Dios nos llama y nos protege para no pecar, pero si pecaremos descuidadamente, tenemos a uno que habla con Dios por nosotros para que alcancemos la misericordia del perdón.

Aparte de Jesús no hay nadie que sea libre de pecado, todos nosotros caímos en pecado y quedamos imposibilitados para agradar a Dios, y para salir de la condición pecaminosa por nuestros propios medios. Sin embargo, la solución para nuestro mal es aquél que no conoció pecado, pero le hicimos pecado.

Dios a través de su palabra nos hace un llamado para no pecar, tomando en cuenta que Cristo nos fortalece para estar firmes.
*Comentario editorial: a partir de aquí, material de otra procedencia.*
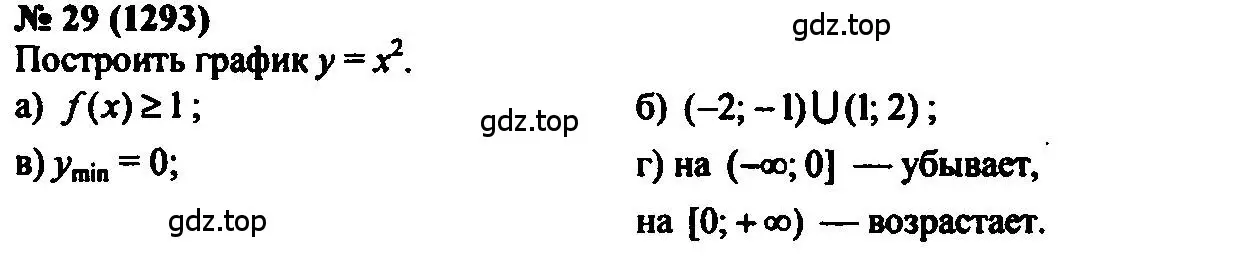 Решение 2. номер 29 (страница 189) гдз по алгебре 7 класс Мордкович, задачник 2 часть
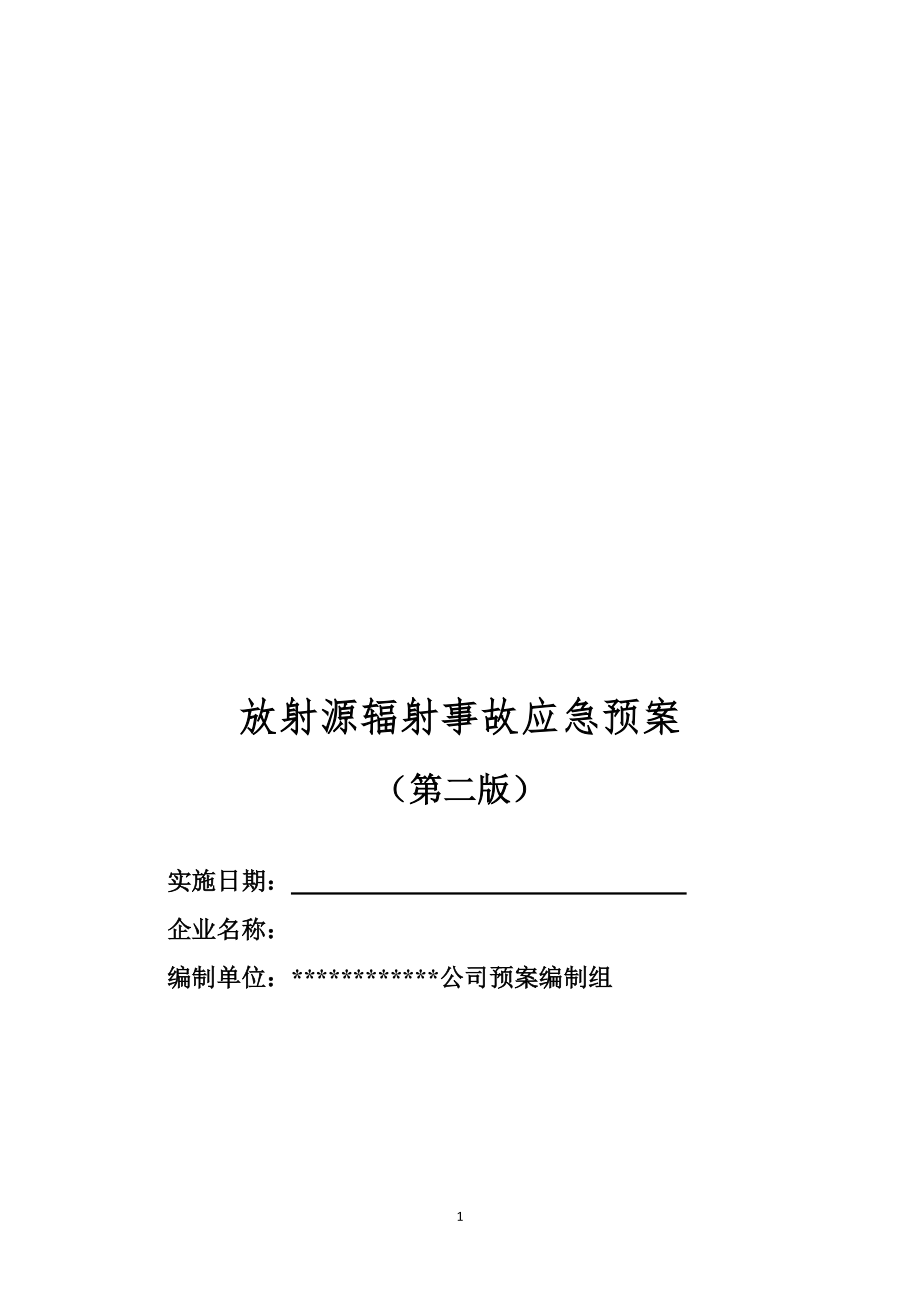 放射源辐射事故专项应急预案.docx_第1页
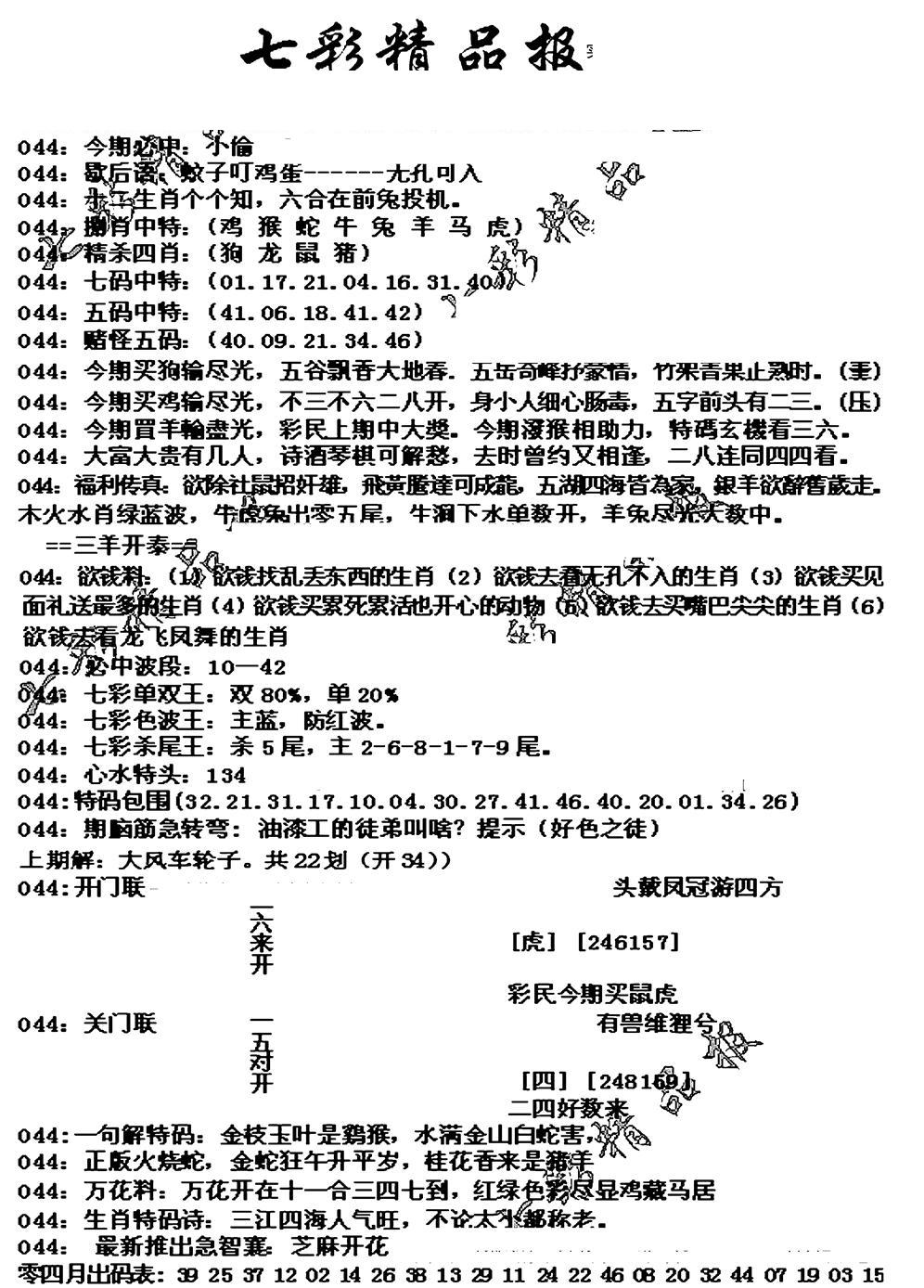 七彩精品报(新图)-44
Si Cristo no pecó, y además, se sacrificó para liberarnos del pecado, él es quien verdaderamente puede ayudarnos con eficacia a tratar con el  mal.

Espiritualmente las ataduras que nos hicieron esclavos del pecado se rompieron cuando por la fe en Cristo aceptamos el sacrificio que hizo en nuestro favor, y por esto también fuimos reconciliados con el Padre. Así que, en esta libertad con Cristo, por su cuidado y fortaleza debemos estar alertas para que no volvamos a enredarnos con el pecado.

Dios nos da el consuelo a través de su palabra, y a la vez nos da la esperanza de ser perdonados si pecamos, porque, siendo Cristo nuestro abogado santo, es perfecto, y compadeciéndose de nuestras debilidades intercede en nuestro favor con efectividad, para que cada vez que confesemos nuestros pecados seamos perdonados.